Well... if I'm honest, I've always known the answer to that. The answer is "yes." As a child, and young adult, I operated from a home base of fear. I feared what people would think of me. I was scared of the reactions of my family. I was scared of failing at anything. Later, as a young adult, I was afraid of new people and experiences. I was afraid of my own feelings and emotions.

But, my biggest fear was being paralyzed by fear itself. Yes... I was afraid of fear, and I was downright terrified that my fear-based "normal" would cause me to miss out on the good in life. So, everything became about "powering through." It was exhausting and it took it's toll on my health and my psyche. So... I made a conscious decision to choose my battles wisely, and I stopped trying to overcome fears of the stuff that wasn't going to get me anywhere. Instead, I focused my energy on the things I knew would get me ahead in life.

And THAT is where the "person I thought I would be" kicked in. I always wanted to be that kind of person who was resilient enough to rise above adversity. I wanted to be thrive in the face of challenges. So I took on a "fake it till you make it" mentality... and it worked. I guess if you're going to be resilient, you have to get knocked down.

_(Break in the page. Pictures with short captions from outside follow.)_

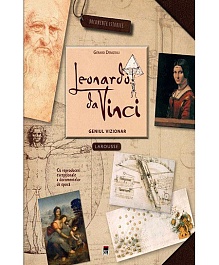 картинка Leonardo Da Vinci. Geniul vizionar magazinul BookStore in Chisinau, Moldova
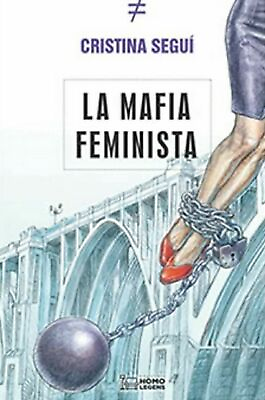 #ad Physical book The Feminist Mafia by Cristina Seguí $69.99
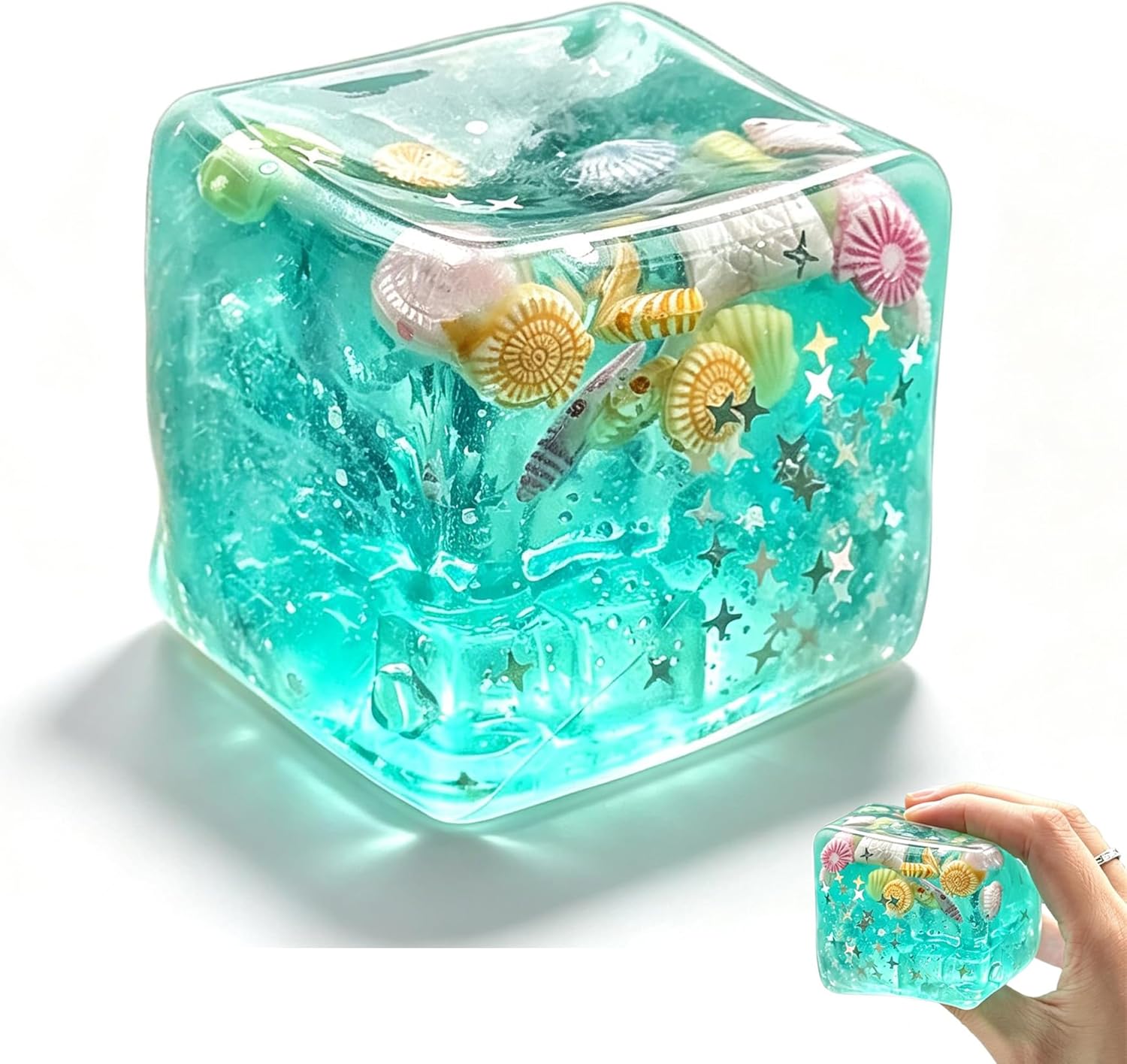 8pc Squishy Fun Box - Sensory Set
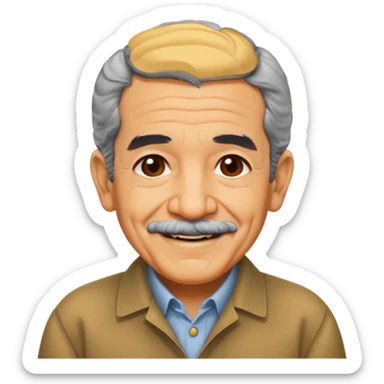  gabriel garcia marquez sticker
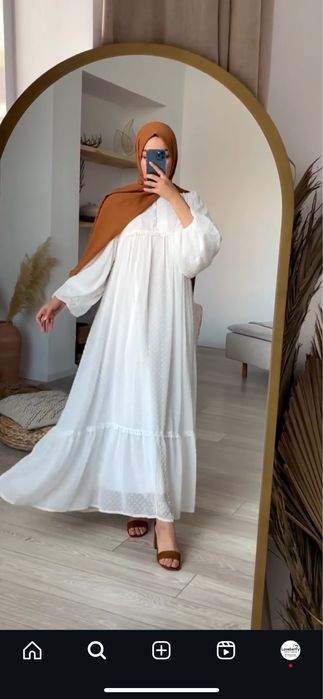 Нежное Белое платье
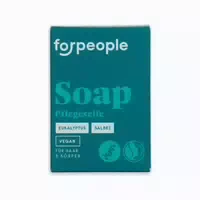 Forpeople – Feste Pflegeseife Eukalyptus & Salbei, Erfrischend 75 G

I didn't always make the right choices, but overall - I knew the value of "healthy fears." That got me a lot further than I ever dreamed. I started a career, got college degrees, bought a house, had relationships and so on. I thought that by overcoming my fears, it would actually eliminate the fears. Unfortunately, it did not. It wasn't until just a few years ago that I learned the cause of all of my fear. Over thirty years of putting my head down and powering through came to a head and I was forced to lift up my head and face my invisible tormentor.

I walked into a counselor's office and heard myself saying, "There hasn't been a day of my life that I have felt safe. I am constantly terrified." I didn't even know where it came from... but the counselor got it. After that door was opened, I was able to explore it fully, which led to having a name for my fear: Post Traumatic Stress Disorder. 

Okay... let's stop there for a minute.

"We See You" - copyright 2010, Craig Purcell
Divulging this puts me in a very awkward position. Not because it could change how others look at me, but because there are facts that could help explain my story so much more clearly. Life events, people and so on. Unfortunately, by telling the stories... I will hurt people. And, well... I'm a firm believer that I cannot hurt others just to make it easier on me to make a point. That's selfish. So, I will skip ahead for now, until I can find a way to tell the stories without causing undue pain to others.

*** insert personal stories here***

Long story short - this "name" for my fear is the first thing in over thirty years that made a true and sustainable difference in how I live my life. I started understanding that fear is a side effect of imprints in my mind. I started learning how to live outside of fear instead of constantly pushing it around like a boulder that blocked my path. I learned to change the imprints in my mind, and my reaction to them. It's still there... but now, I know what to do.

It looks different than I thought it would, but it feels like I always hoped. I have a greater appreciation for all of those visions of my life I held so dear in childhood and throughout my life. The person I truly am - the person I used to have to shove out into the light, squinting and afraid - is now comfortably walking into the sun with less trepidation. And, at least in my own skin, I have risen above the challenges to be a more open, inviting and caring person. I'm not overwhelmed by what could be... I am excited by it.

Hey...look at that. I'm back - full circle - to the person I thought I would be.